Assignment:
From the first line to the last, print the data exactly.
Top of Record extracts
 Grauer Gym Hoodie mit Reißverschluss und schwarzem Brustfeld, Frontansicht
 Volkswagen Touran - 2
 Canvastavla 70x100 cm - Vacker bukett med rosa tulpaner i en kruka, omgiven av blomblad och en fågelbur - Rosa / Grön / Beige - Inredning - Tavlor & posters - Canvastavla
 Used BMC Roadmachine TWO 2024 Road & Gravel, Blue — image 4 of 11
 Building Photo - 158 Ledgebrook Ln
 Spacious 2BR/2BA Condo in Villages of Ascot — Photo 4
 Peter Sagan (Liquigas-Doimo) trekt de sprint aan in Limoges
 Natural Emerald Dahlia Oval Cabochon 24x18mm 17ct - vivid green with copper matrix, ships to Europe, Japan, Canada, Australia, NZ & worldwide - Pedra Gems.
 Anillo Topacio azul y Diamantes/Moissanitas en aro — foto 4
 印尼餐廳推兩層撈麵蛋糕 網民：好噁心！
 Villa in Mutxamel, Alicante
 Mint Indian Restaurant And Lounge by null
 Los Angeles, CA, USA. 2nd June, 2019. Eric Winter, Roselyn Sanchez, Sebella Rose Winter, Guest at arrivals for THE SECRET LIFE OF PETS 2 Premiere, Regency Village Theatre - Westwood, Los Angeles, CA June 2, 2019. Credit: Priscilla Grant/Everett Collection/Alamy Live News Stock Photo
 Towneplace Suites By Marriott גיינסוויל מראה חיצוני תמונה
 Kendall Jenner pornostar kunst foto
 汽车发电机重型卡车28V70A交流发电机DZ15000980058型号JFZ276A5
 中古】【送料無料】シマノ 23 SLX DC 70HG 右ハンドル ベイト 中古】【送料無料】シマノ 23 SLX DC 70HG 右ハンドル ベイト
Bottom of Record extracts
Solution for this exercise:
 Grauer Gym Hoodie mit Reißverschluss und schwarzem Brustfeld, Frontansicht
 Volkswagen Touran - 2
 Canvastavla 70x100 cm - Vacker bukett med rosa tulpaner i en kruka, omgiven av blomblad och en fågelbur - Rosa / Grön / Beige - Inredning - Tavlor & posters - Canvastavla
 Used BMC Roadmachine TWO 2024 Road & Gravel, Blue — image 4 of 11
 Building Photo - 158 Ledgebrook Ln
 Spacious 2BR/2BA Condo in Villages of Ascot — Photo 4
 Peter Sagan (Liquigas-Doimo) trekt de sprint aan in Limoges
 Natural Emerald Dahlia Oval Cabochon 24x18mm 17ct - vivid green with copper matrix, ships to Europe, Japan, Canada, Australia, NZ & worldwide - Pedra Gems.
 Anillo Topacio azul y Diamantes/Moissanitas en aro — foto 4
 印尼餐廳推兩層撈麵蛋糕 網民：好噁心！
 Villa in Mutxamel, Alicante
 Mint Indian Restaurant And Lounge by null
 Los Angeles, CA, USA. 2nd June, 2019. Eric Winter, Roselyn Sanchez, Sebella Rose Winter, Guest at arrivals for THE SECRET LIFE OF PETS 2 Premiere, Regency Village Theatre - Westwood, Los Angeles, CA June 2, 2019. Credit: Priscilla Grant/Everett Collection/Alamy Live News Stock Photo
 Towneplace Suites By Marriott גיינסוויל מראה חיצוני תמונה
 Kendall Jenner pornostar kunst foto
 汽车发电机重型卡车28V70A交流发电机DZ15000980058型号JFZ276A5
 中古】【送料無料】シマノ 23 SLX DC 70HG 右ハンドル ベイト 中古】【送料無料】シマノ 23 SLX DC 70HG 右ハンドル ベイト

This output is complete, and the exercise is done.